**DATA SUPPLIED:**
━━━━━━━━━━

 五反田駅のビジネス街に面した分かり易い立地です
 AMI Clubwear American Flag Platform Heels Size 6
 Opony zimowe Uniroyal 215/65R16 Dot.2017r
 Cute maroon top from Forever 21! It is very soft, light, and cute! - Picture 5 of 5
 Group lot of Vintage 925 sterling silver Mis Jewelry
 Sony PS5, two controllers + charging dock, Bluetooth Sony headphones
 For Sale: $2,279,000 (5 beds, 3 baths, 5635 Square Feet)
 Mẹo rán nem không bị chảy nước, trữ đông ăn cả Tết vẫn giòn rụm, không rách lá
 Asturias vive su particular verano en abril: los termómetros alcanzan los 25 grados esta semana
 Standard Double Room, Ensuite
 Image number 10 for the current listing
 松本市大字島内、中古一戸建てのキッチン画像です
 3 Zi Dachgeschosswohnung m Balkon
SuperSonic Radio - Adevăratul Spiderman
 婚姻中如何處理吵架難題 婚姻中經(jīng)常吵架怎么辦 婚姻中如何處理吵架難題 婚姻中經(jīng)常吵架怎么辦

━━━━━━━━━━

**YOUR OBJECTIVE:** Your answer should consist only of the lines from the one with "松本市大字島内、中古一戸建てのキッチン画像です" through the end of the data above, reproduced exactly.

**REPLY:**
 松本市大字島内、中古一戸建てのキッチン画像です
 3 Zi Dachgeschosswohnung m Balkon
SuperSonic Radio - Adevăratul Spiderman
 婚姻中如何處理吵架難題 婚姻中經(jīng)常吵架怎么辦 婚姻中如何處理吵架難題 婚姻中經(jīng)常吵架怎么辦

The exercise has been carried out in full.